• MATERIAL PROVIDED:

......

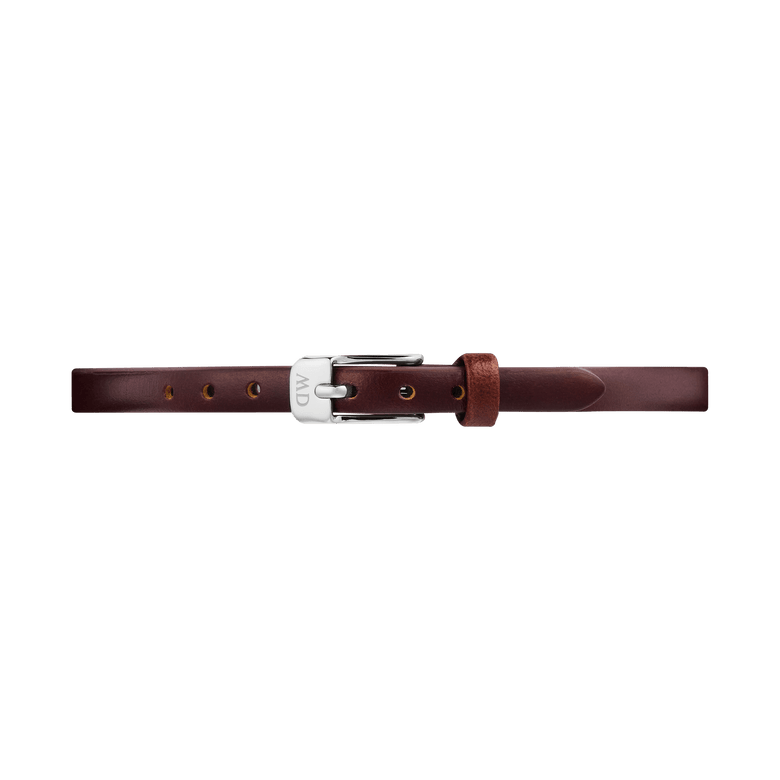 Brown genuine leather Pressed St Mawes Strap Silver with a polished silver pin buckle, featuring a slim 6mm profile suitable for petite ladies watches.
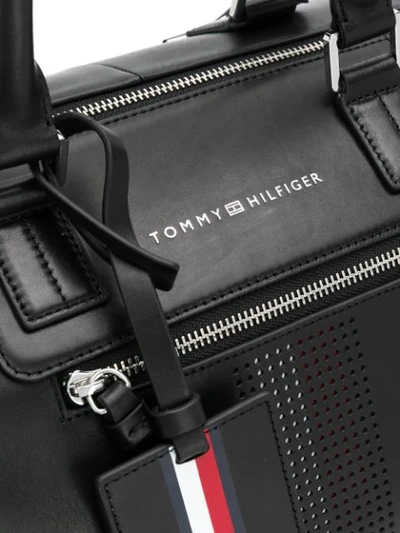 Shop Tommy Hilfiger Logo Top-handle Tote In Black
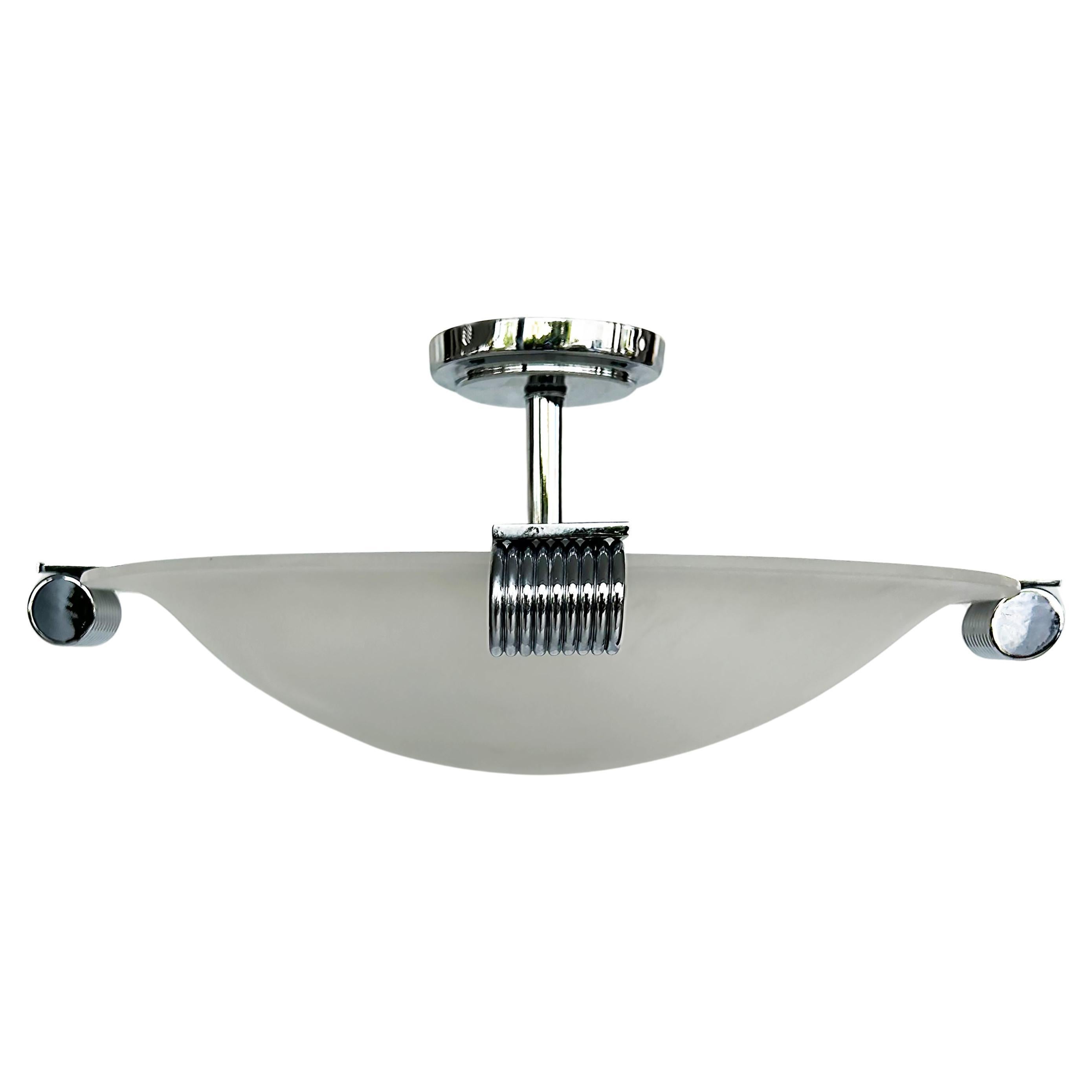 Mid-century Chrome Semi-flush Mount Ceiling Fixture in Acrylic For Sale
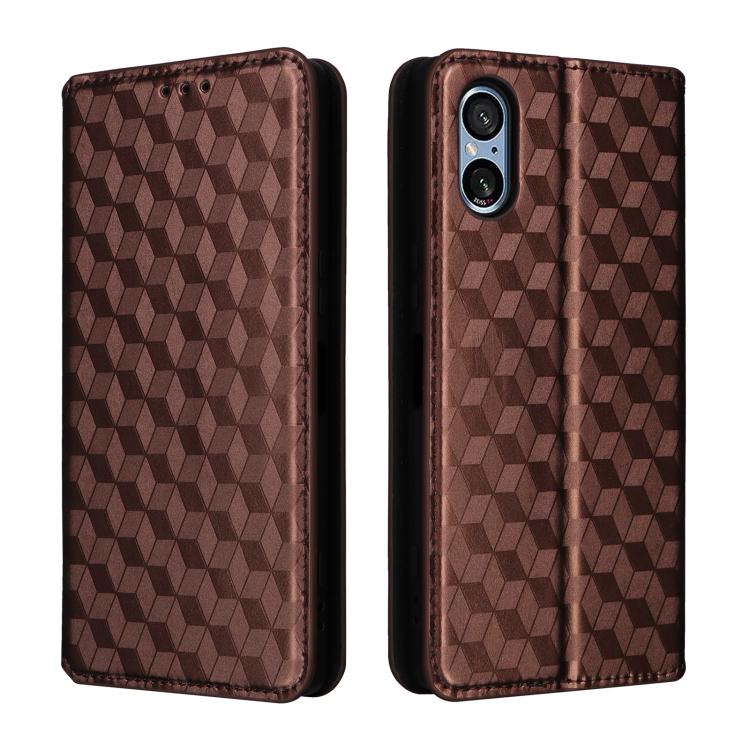 For Sony Xperia 5 V Cubic Grid Texture Flip Leather Phone Case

......

Leave out the pictures. Transcribe the rest of the listing above exactly.

 Brown genuine leather Pressed St Mawes Strap Silver with a polished silver pin buckle, featuring a slim 6mm profile suitable for petite ladies watches.
 Shop Tommy Hilfiger Logo Top-handle Tote In Black
 Mid-century Chrome Semi-flush Mount Ceiling Fixture in Acrylic For Sale
 For Sony Xperia 5 V Cubic Grid Texture Flip Leather Phone Case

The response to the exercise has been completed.